I understand that some people would use this as their Internet connection and stream movies, download pirated software, watch porn, plan nefarious plots, etc. I don’t care. I pay for the data already. How I use the data should be my business as long as I’m not breaking any laws—and no, I don’t consider breaking their terms to be breaking the law. In essence what these companies are doing at this point is double-dipping. They’re getting people to pay twice for the same thing.

What’s needed here is more competition and time. Already some phones are coming with this feature enabled and free (at least for a limited time). It’s just a matter of time before this will be yet another included feature. However, for the time being, things are getting ugly.

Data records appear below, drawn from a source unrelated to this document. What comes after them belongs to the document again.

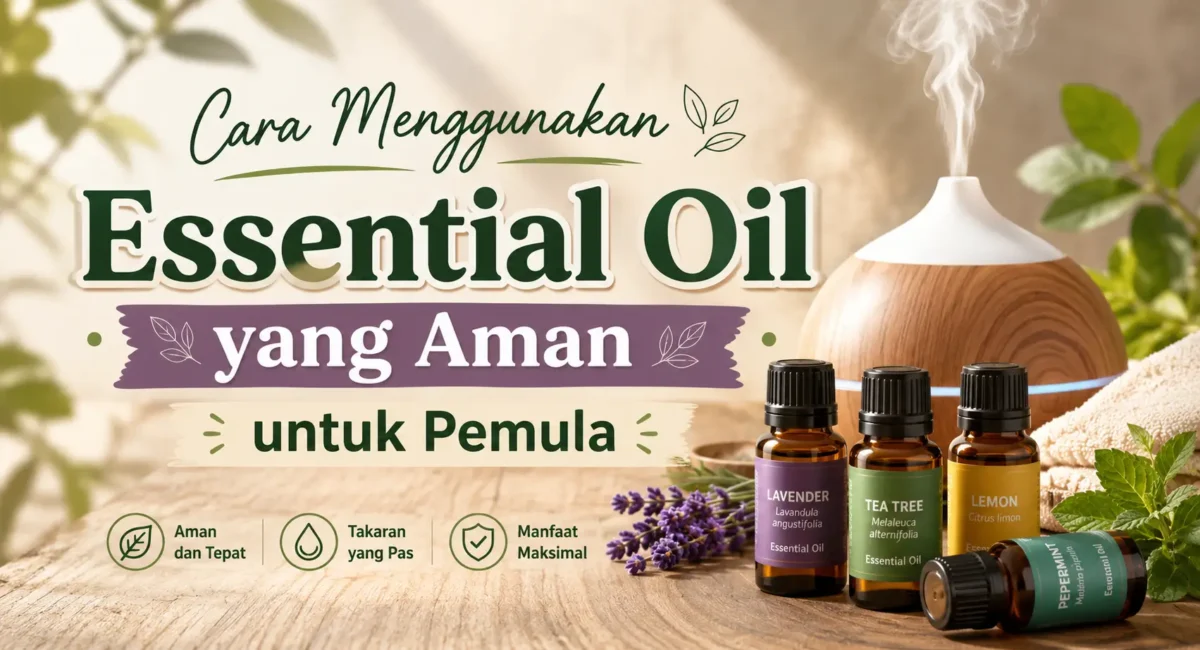 Cara Menggunakan Essential Oil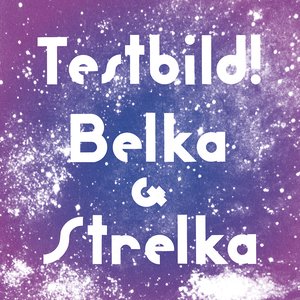 'Belka & Strelka' için resim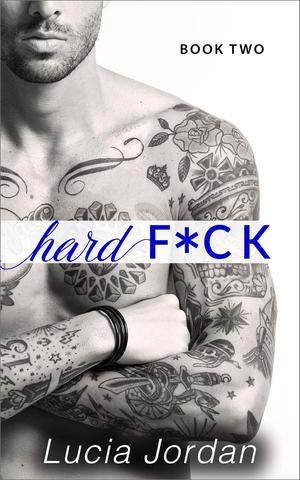 Hard F*ck: Erotic Romance - Book Two by Lucia Jordan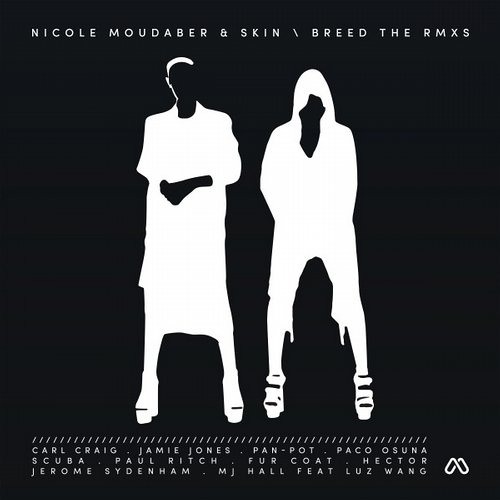 Nicole Moudaber & Skin - Breed the RMXS [MOOD]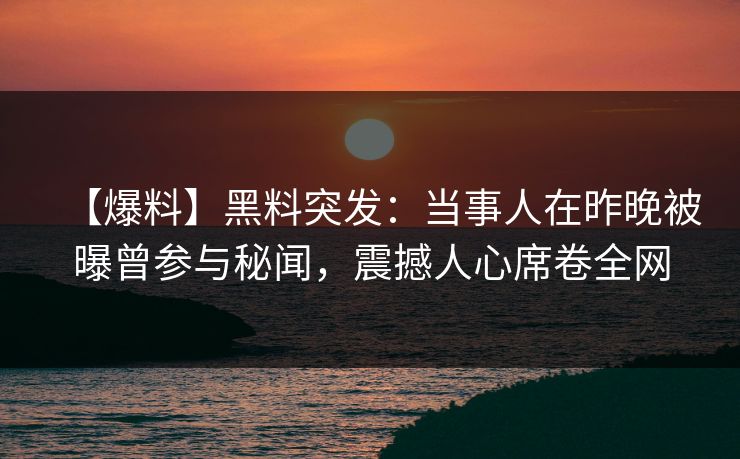 【爆料】黑料突发：当事人在昨晚被曝曾参与秘闻，震撼人心席卷全网  第1张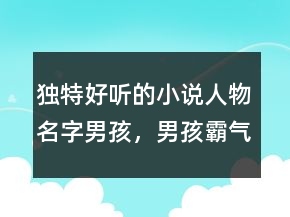 獨(dú)特好聽(tīng)的小說(shuō)人物名字男孩，男孩霸氣有涵養(yǎng)的名字226條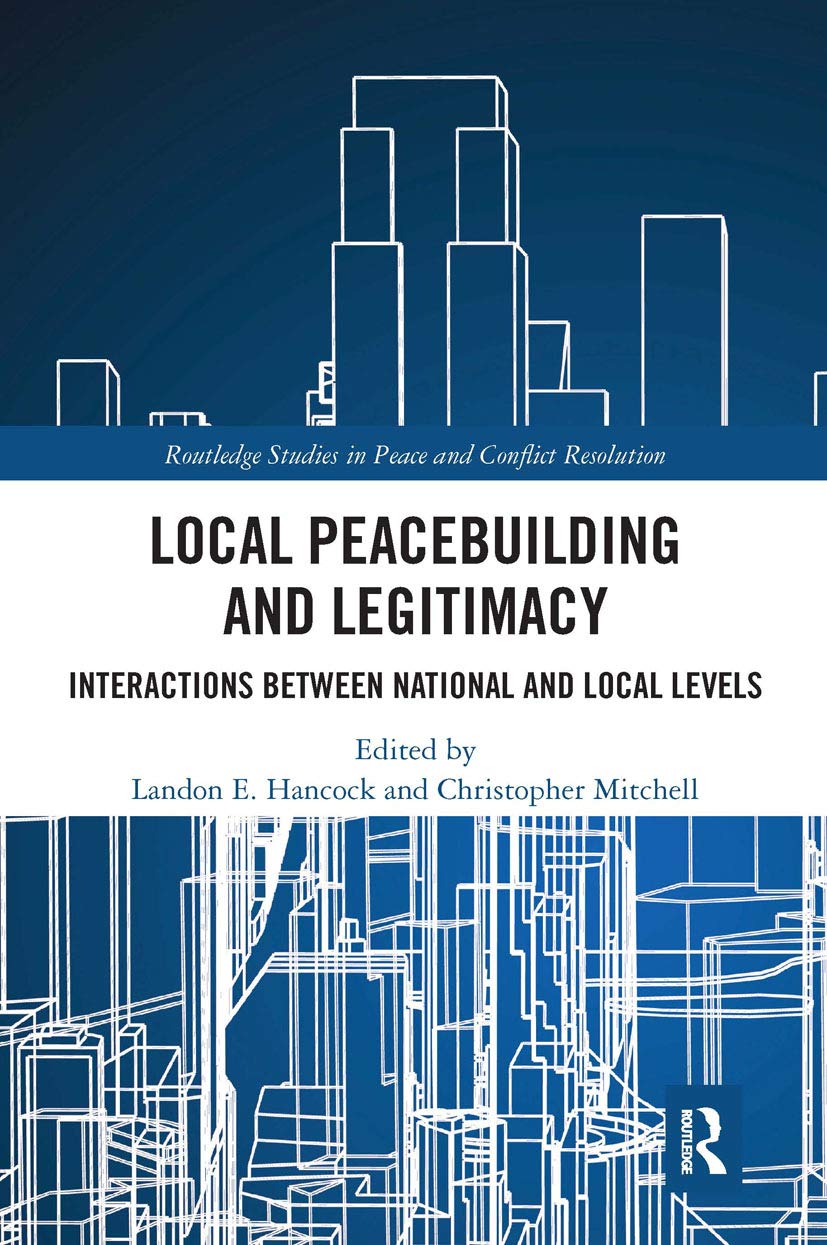 Local Peacebuilding and Legitimacy: Interactions between National and Local Levels (Routledge Studies in Peace and Conflict Resolution)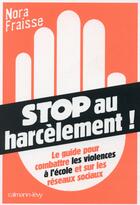 Couverture du livre « Stop au harcèlement » de Nora Fraisse aux éditions Calmann-levy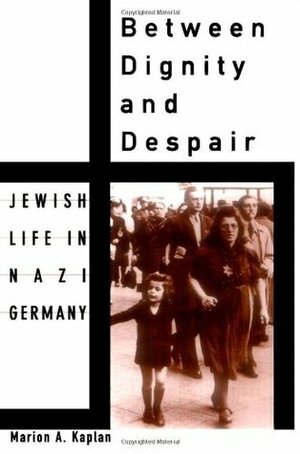 Between Dignity and Despair: Jewish Life in Nazi Germany by Marion A. Kaplan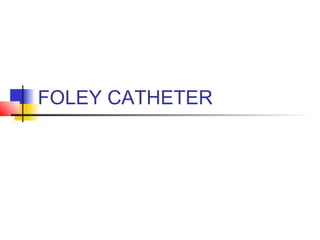 FOLEY CATHETER
 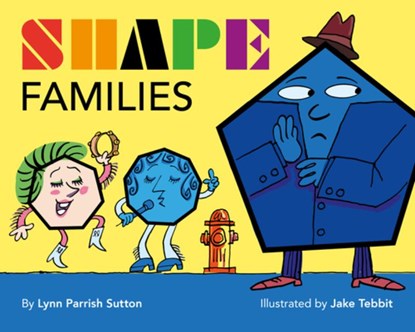 Shape Families, Lynn Parrish Sutton - Gebonden - 9781649090775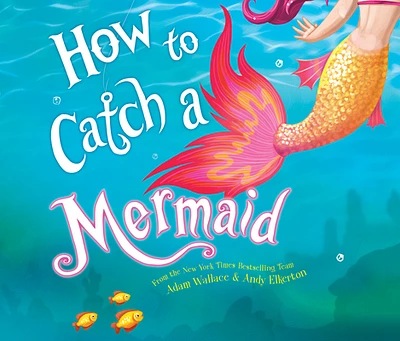 How to Catch a Mermaid (How to Catch...) (Compact Disc)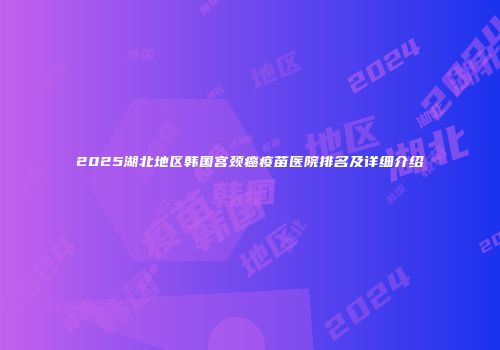 2025湖北地区韩国宫颈癌疫苗医院排名及详细介绍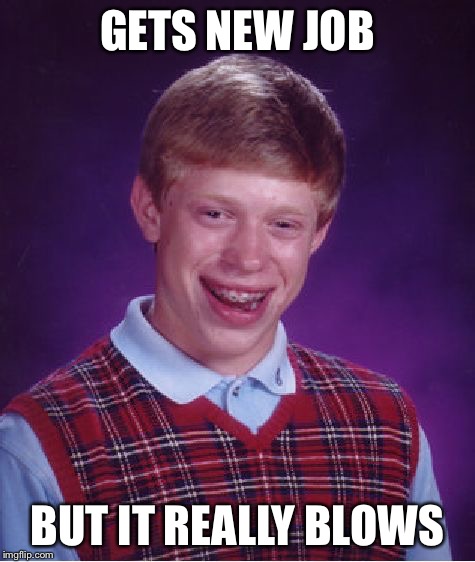 Bad Luck Brian Meme | GETS NEW JOB BUT IT REALLY BLOWS | image tagged in memes,bad luck brian | made w/ Imgflip meme maker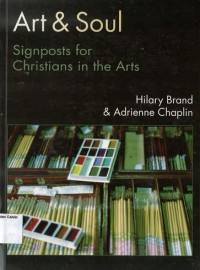 Art & Soul: Signposts for Christian in the Arts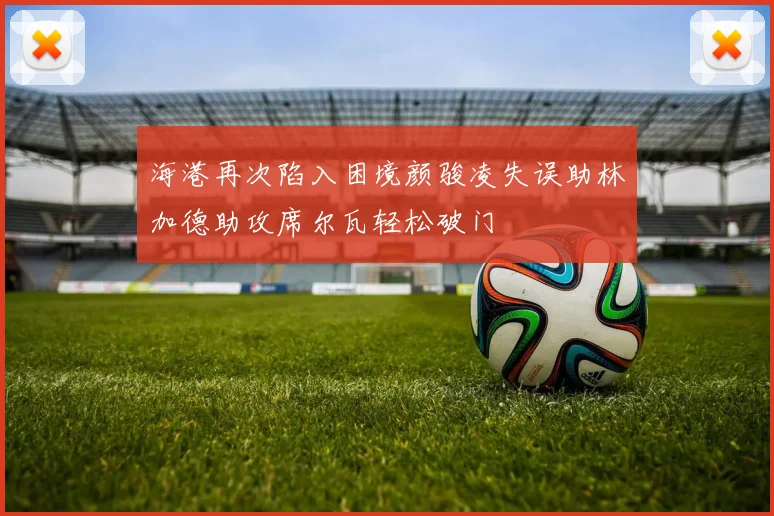 海港再次陷入困境颜骏凌失误助林加德助攻席尔瓦轻松破门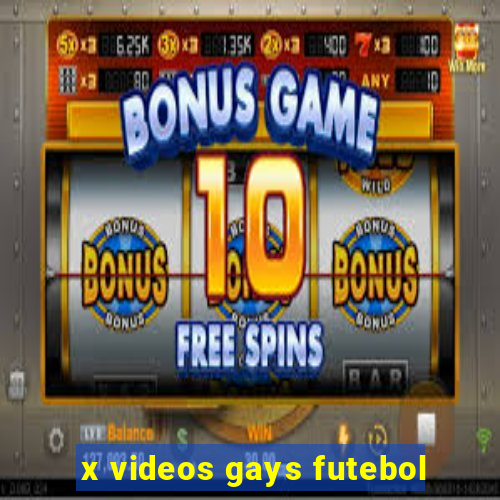 x videos gays futebol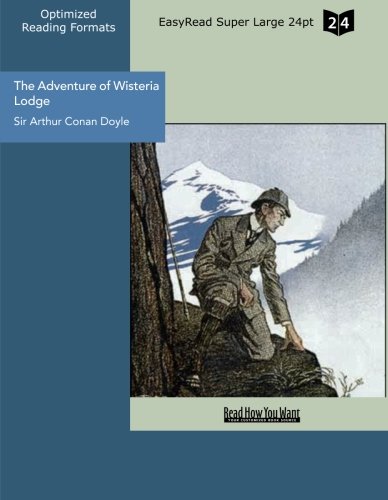 The Adventure of Wisteria Lodge: Easyread Super Large 24pt Edition (9781427036834) by Doyle, Arthur Conan, Sir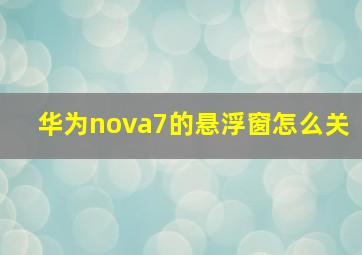 华为nova7的悬浮窗怎么关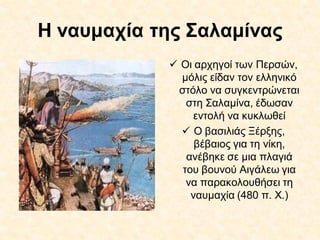 Η ναυμαχία της Σαλαμίνας
 Οι αρχηγοί των Περσών,
μόλις είδαν τον ελληνικό
στόλο να συγκεντρώνεται
στη Σαλαμίνα, έδωσαν
εντολή να κυκλωθεί
 Ο βασιλιάς Ξέρξης,
βέβαιος για τη νίκη,
ανέβηκε σε μια πλαγιά
του βουνού Αιγάλεω για
να παρακολουθήσει τη
ναυμαχία (480 π. Χ.)
 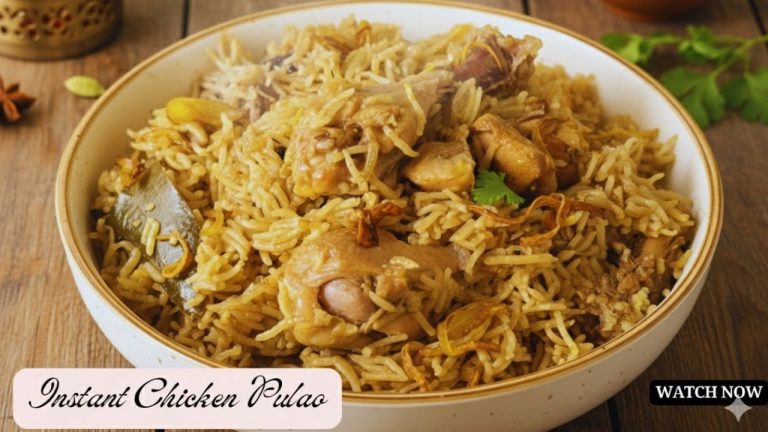 Instant Chicken Pulao Recipe – Quick & Easy!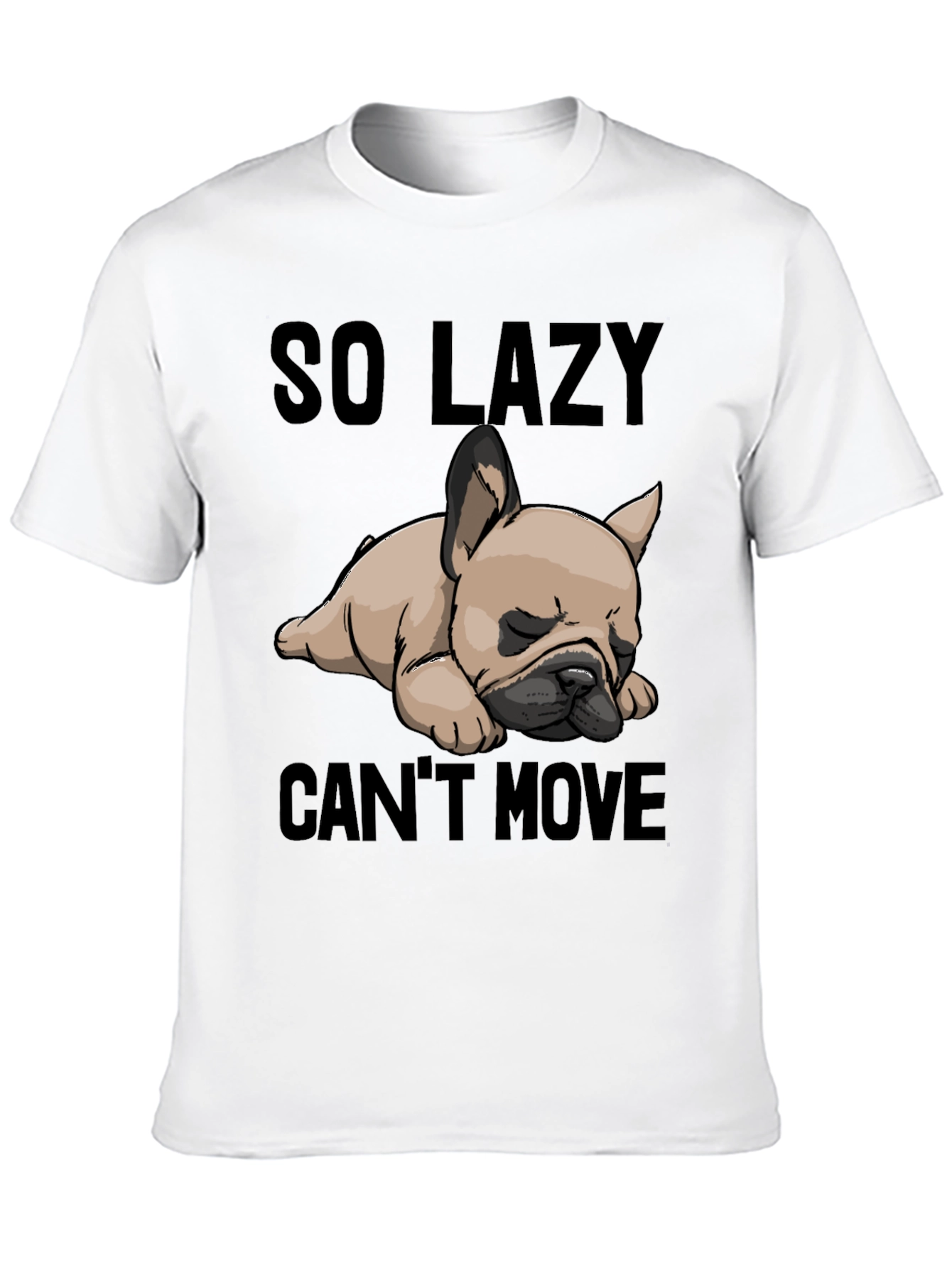 So Lazy Cant Move Bulldog T-Shirt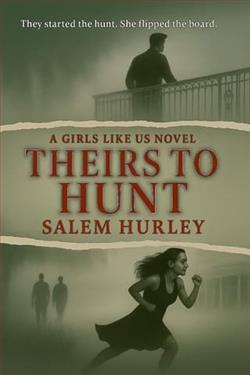 Theirs to Hunt by Salem Hurley
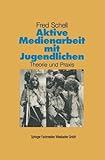 Image de Aktive Medienarbeit Mit Jugendlichen: Theorie Und Praxis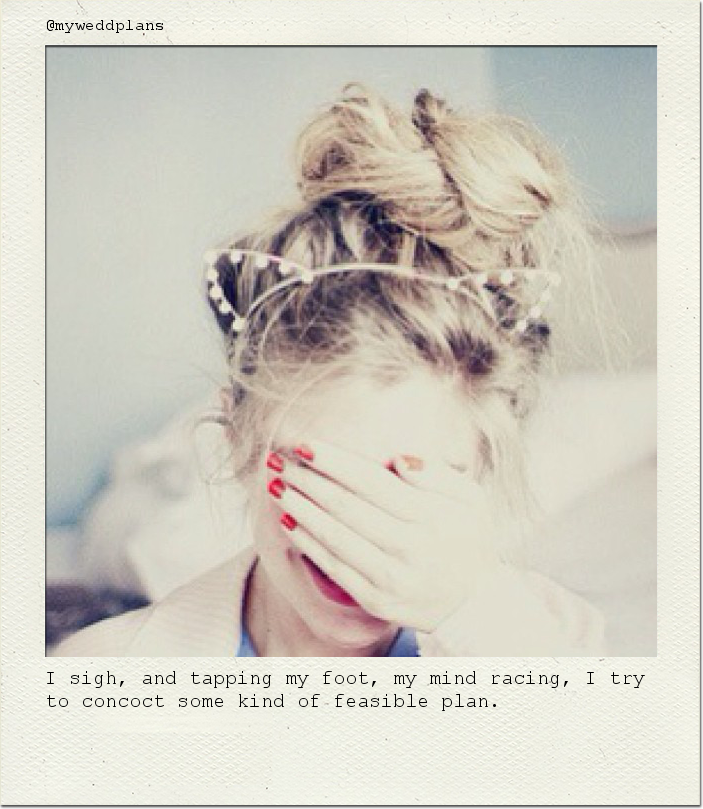I sigh, and tapping my foot, my mind racing, I try to concoct some kind of feasible plan.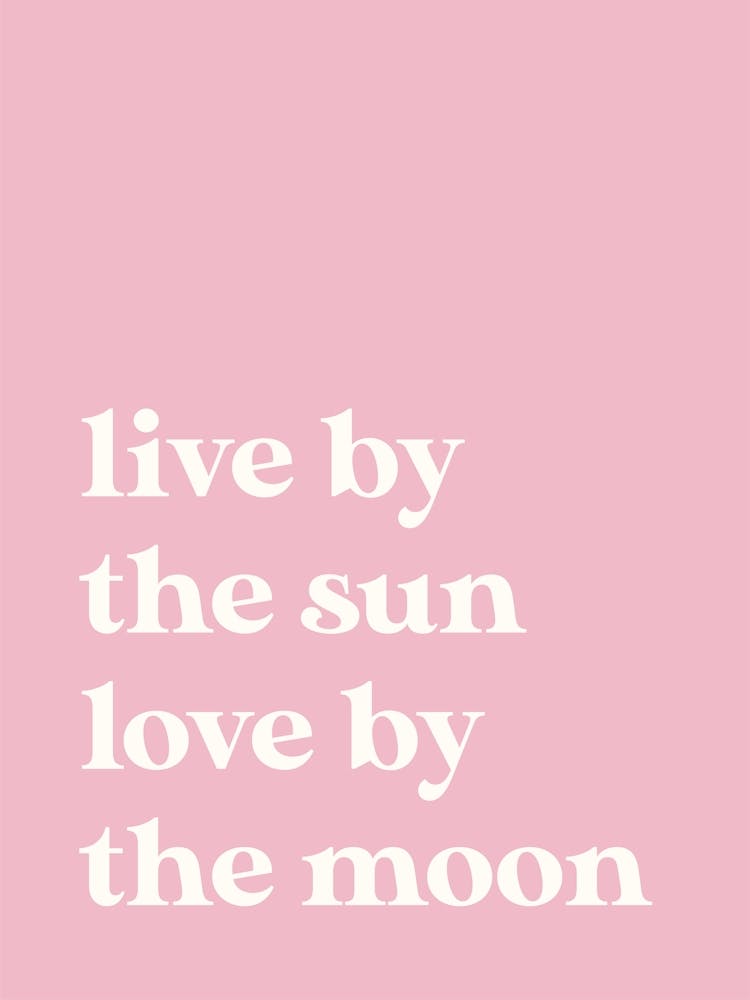 Live By the Sun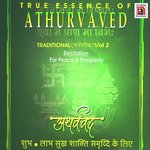 Athurvaved Traditional Recitation Vol 2 - Dr. Brahma Shankar Vyas Song Download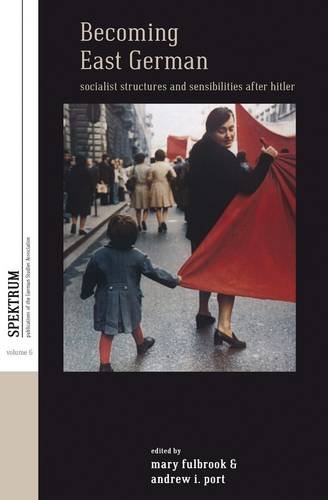 Becoming East German Socialist Structures And Sensibilities After Hitler 1st Edition Mary Fulbrook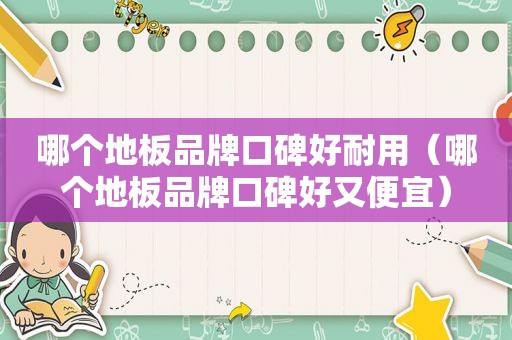 哪个地板品牌口碑好耐用（哪个地板品牌口碑好又便宜）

In order to do this on many Android phones you need to first “root” your phone (which means you’re essentially ending around the locks the manufacturer set up) and then you can download one of many apps that allow you to just by-pass the carriers and let your phone act as a hotspot. However, just this month Verizon and others have started forcing Google to remove these apps from the Android Market. Informed users can still download and install them but now they need to know where to look.

Also, reports have surfaced that AT&T has started summarily charging users after the fact when they suspect that user has done this. Out of the blue your bill shows up with the hotspot fee. Best of luck convincing them to remove it. In fact, one major application developer in the arena by the name of June Fabrics (makers of an app called PdaNet that allows for this without rooting your phone) started encrypting the data stream so that the carriers can’t be sure that’s what you’re doing.

So now users are being driven to extremes just to use data they’ve already paid for.

Ultimately much of this comes from the days of how we paid for traditional phone service and the desire of those companies to keep working in the ways they know best. However, as we move forward here it seems quite obvious that what the future holds is much different than the current model we have today. Imagine, for example, a family data plan where we pay $100 a month for a certain amount of bandwidth. However, we get to use that bandwidth any way we like. We can buy phones that connect to it. We can hook our desktops to it. We can use our Kindle‘s on the beach with it. We can browse the web on our tablets. One bandwidth package for all our needs.

Instead, what we have today is a totally unsupportable model where I buy a tablet and need to get a data plan just for it. Then one for my son. Then one for my game system. On and on and on. No one will put up with this as it evolves and some company is going to figure out that given their users a pool of uber-bandwidth is an advantage. Once that happens the walls will finally fall on this issue.

What we need is for phone companies to sell phones and bandwidth companies to sell bandwidth and that’s it.

Someday…. I’m just not sure I’ll be around when it happens.